25.7.17
Gark Mavigan - "Bad Combination"
"That's a bad combination." Run that a few times in your head, right here, right now. That's the whole hook. Just picture some white kid saying that, dressed like a rapper, and we're good here.
The remainder of our decade is going to be a continuous wash of Gark Mavigans: earnest but unremarkable white kids with lifestyle brands and money to spend. They're not culture vultures because they're nowhere near the actual corpse of hip hop, which has been dead since December 19th, 2006. They're not sellouts because they were all born like this. Hell, they're not even "wiggers," because saying that constitutes a hate crime in most states.
Something is so pure about his Ramen Aesthetic Indie Hunger, however, that RYR is obligated to pass comment. Gark has tried to do viral video before, but even his bootlicker Starbucks theme hasn't broken five figures yet. That kind of face-first failure has to hurt, after awhile.
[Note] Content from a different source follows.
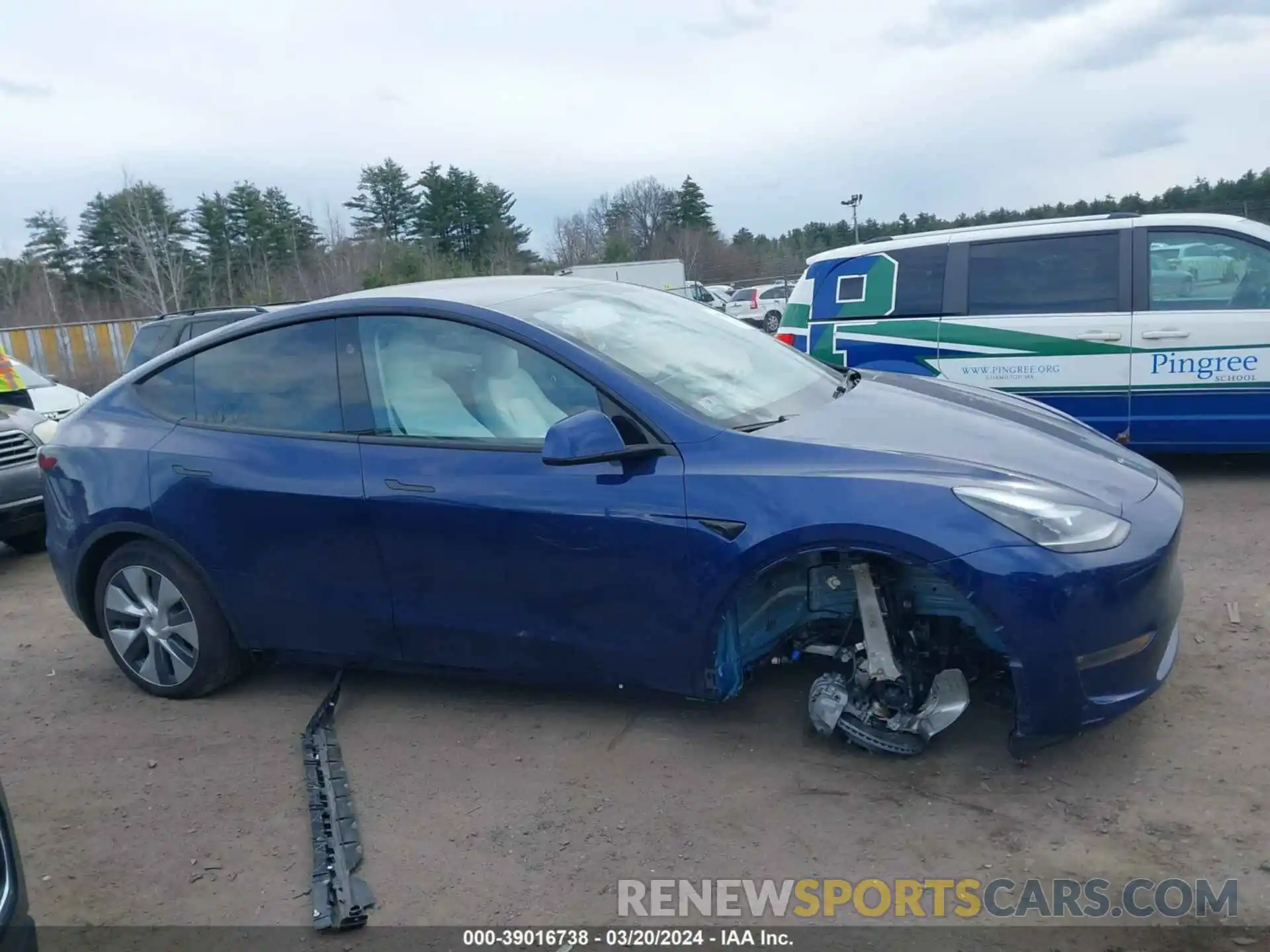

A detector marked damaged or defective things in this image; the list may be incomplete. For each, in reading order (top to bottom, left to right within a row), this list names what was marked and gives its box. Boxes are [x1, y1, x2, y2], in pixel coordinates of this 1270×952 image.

He may yet prevail. A well-made video can sell anything: Scientology, 9/11 Truth, The Law of Attraction, Kanye West, or a Children's Crusade to Uganda to murder Joseph Kony by hand. That last one didn't end well, sure, but my point remains. They raised awareness, buddy. They started a conversation.
Yung Gark should perhaps heed the example of Russ, the flawless & vapid Drake understudy I was praising a few weeks back. The first time I ever heard about Russ was from bloggers, who were discussing him only because he said that bloggers no longer matter. Fickle little bitches. That's a closed loop that doesn't involve anyone who bought a ticket on his last tour.
This is as it should be. Critics are broken, animal things, and must live apart from The Fans.
You need to do something more outrageous and memorable than sleepwalking through the same "Walk Around Rapping" template that every other bluntfaced wannabe in your city is going to use this year. Just like every other year. God bless the independent camera guys getting paid, though. Everyone needs to eat, buy new hard drives, and occasionally pay rent.
These Dickies won't help them with any of that. "Bad Combination" is basically Tokyo in the middle of March 1945: burned, flattened, annihilated. Nothing remains. Even the water is dead.